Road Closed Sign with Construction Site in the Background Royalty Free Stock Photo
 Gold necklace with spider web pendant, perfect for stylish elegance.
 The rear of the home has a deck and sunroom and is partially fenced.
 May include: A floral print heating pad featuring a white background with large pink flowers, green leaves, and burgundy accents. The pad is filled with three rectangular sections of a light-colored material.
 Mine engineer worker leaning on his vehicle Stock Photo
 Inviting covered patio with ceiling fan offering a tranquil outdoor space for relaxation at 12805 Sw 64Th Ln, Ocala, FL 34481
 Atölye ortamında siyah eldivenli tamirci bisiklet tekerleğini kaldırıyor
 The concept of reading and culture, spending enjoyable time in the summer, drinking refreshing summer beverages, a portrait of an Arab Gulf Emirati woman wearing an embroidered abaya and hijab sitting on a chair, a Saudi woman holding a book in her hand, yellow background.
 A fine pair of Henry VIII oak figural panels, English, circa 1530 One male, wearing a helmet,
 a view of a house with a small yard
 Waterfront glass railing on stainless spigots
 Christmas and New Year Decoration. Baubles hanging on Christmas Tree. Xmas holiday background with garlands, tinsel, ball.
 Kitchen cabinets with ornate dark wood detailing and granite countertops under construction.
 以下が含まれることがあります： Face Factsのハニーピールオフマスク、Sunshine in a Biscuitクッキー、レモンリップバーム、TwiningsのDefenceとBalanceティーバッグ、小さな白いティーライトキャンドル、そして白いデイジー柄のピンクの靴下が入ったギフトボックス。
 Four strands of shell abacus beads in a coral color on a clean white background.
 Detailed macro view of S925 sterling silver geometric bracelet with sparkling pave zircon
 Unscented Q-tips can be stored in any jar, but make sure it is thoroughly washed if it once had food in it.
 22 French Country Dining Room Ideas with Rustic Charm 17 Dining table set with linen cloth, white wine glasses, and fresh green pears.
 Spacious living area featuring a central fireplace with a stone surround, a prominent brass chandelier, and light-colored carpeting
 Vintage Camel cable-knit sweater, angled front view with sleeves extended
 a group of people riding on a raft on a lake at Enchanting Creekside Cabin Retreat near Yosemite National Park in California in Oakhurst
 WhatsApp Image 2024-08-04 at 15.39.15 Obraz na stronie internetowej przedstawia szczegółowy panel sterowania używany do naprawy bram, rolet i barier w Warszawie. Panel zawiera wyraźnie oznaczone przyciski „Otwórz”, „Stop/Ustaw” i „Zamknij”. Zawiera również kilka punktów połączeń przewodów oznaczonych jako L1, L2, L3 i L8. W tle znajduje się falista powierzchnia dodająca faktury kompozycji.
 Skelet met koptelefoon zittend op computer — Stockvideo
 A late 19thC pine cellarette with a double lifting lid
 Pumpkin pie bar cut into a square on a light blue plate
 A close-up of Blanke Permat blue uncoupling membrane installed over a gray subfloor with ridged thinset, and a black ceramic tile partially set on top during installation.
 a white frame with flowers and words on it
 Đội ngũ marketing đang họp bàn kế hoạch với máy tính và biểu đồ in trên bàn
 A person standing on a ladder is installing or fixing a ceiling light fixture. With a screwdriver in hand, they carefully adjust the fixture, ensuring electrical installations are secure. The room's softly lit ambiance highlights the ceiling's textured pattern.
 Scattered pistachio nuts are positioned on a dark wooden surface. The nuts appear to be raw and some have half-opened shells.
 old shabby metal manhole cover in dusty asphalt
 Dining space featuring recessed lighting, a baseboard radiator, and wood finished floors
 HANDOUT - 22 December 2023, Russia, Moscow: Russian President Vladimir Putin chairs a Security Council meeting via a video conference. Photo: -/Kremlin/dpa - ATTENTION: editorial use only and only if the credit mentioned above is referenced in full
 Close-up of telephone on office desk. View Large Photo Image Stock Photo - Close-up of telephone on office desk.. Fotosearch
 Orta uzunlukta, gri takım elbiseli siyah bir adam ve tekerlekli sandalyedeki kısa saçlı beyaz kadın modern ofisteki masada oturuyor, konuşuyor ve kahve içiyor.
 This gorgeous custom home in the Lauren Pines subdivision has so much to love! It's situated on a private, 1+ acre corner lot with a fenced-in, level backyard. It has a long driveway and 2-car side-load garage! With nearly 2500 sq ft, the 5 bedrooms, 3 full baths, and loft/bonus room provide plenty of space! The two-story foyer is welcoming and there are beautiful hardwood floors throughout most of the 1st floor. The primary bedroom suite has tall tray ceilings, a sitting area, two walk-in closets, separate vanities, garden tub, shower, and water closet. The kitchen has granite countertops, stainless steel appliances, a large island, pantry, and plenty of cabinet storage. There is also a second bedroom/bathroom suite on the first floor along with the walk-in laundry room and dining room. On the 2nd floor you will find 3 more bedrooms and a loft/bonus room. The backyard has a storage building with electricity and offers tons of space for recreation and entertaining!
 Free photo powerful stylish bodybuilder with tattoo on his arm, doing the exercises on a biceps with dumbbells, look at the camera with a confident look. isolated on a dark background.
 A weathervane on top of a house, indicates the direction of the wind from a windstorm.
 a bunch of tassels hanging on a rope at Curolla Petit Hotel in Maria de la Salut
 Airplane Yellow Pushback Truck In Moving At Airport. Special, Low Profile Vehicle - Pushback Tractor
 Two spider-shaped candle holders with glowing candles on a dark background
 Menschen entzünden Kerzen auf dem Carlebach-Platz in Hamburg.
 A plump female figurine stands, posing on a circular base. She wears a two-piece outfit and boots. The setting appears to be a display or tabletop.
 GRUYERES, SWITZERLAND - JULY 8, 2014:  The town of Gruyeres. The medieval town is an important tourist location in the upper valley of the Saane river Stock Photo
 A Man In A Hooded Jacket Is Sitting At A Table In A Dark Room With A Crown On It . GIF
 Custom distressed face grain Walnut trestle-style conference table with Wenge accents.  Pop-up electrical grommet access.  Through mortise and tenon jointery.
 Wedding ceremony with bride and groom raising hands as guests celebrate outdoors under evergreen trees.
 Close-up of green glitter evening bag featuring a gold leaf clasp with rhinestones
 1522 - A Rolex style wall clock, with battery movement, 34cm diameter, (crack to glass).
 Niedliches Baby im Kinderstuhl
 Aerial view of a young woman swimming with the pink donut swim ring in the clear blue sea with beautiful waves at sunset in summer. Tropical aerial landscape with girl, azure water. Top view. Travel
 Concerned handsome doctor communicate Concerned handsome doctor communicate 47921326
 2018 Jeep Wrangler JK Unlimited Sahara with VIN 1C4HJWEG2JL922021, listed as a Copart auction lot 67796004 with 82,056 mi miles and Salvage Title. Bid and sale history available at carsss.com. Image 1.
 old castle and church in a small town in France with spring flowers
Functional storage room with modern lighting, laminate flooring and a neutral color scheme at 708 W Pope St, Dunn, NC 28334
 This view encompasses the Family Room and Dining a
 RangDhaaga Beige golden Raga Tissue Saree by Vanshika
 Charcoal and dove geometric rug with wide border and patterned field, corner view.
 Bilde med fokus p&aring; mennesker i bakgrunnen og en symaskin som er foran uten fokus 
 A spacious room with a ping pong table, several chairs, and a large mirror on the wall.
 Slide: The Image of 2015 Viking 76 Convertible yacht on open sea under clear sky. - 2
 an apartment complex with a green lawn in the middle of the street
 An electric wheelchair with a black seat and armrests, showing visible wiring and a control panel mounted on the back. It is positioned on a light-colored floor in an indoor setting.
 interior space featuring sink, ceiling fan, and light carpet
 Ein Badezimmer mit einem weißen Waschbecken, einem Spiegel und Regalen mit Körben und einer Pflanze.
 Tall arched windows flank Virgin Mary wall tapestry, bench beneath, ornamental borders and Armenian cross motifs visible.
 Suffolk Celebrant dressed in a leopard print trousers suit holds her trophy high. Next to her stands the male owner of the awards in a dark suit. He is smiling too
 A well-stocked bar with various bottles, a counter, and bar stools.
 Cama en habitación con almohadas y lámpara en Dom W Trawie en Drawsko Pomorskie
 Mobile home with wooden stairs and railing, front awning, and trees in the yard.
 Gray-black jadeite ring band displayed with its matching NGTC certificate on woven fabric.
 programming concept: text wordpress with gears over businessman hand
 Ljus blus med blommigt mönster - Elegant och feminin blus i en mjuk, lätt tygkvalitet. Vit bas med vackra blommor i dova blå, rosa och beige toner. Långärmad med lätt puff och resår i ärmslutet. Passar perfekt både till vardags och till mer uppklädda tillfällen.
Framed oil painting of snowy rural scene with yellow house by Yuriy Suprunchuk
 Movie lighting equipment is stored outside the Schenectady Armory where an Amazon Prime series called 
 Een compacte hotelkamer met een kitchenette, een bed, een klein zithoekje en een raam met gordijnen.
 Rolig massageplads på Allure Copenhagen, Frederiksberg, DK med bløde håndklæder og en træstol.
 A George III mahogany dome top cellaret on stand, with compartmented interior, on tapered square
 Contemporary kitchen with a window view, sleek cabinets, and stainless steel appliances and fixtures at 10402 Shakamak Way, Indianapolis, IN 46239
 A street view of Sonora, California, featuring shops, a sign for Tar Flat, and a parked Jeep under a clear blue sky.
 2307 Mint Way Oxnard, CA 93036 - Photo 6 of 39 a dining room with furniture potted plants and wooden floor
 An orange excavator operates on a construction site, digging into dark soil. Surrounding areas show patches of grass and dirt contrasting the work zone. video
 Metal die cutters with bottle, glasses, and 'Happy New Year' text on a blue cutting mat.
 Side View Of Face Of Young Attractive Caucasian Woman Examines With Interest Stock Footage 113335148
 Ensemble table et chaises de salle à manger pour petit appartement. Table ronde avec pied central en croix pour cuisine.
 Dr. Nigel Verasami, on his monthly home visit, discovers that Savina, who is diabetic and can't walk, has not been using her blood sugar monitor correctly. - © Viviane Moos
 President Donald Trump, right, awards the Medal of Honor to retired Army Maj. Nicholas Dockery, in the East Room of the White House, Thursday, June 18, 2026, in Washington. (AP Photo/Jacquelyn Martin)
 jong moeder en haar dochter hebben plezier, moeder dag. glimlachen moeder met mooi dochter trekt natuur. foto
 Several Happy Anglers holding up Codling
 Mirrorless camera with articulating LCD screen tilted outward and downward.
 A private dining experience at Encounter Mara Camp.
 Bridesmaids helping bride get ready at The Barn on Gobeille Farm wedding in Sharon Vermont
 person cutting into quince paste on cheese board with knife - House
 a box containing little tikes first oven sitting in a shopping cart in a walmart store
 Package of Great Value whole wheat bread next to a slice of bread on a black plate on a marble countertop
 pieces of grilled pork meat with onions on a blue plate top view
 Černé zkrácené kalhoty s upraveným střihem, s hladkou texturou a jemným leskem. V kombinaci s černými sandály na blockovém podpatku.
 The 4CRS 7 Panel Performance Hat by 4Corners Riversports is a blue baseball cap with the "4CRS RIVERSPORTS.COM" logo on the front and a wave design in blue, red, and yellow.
════════
> [EXERCISE]
With the first line of the records as the start and the line holding "Kitchen cabinets with" as the end, please copy exactly those lines and no others.

> [EXERCISE RESULT]
Road Closed Sign with Construction Site in the Background Royalty Free Stock Photo
 Gold necklace with spider web pendant, perfect for stylish elegance.
 The rear of the home has a deck and sunroom and is partially fenced.
 May include: A floral print heating pad featuring a white background with large pink flowers, green leaves, and burgundy accents. The pad is filled with three rectangular sections of a light-colored material.
 Mine engineer worker leaning on his vehicle Stock Photo
 Inviting covered patio with ceiling fan offering a tranquil outdoor space for relaxation at 12805 Sw 64Th Ln, Ocala, FL 34481
 Atölye ortamında siyah eldivenli tamirci bisiklet tekerleğini kaldırıyor
 The concept of reading and culture, spending enjoyable time in the summer, drinking refreshing summer beverages, a portrait of an Arab Gulf Emirati woman wearing an embroidered abaya and hijab sitting on a chair, a Saudi woman holding a book in her hand, yellow background.
 A fine pair of Henry VIII oak figural panels, English, circa 1530 One male, wearing a helmet,
 a view of a house with a small yard
 Waterfront glass railing on stainless spigots
 Christmas and New Year Decoration. Baubles hanging on Christmas Tree. Xmas holiday background with garlands, tinsel, ball.
 Kitchen cabinets with ornate dark wood detailing and granite countertops under construction.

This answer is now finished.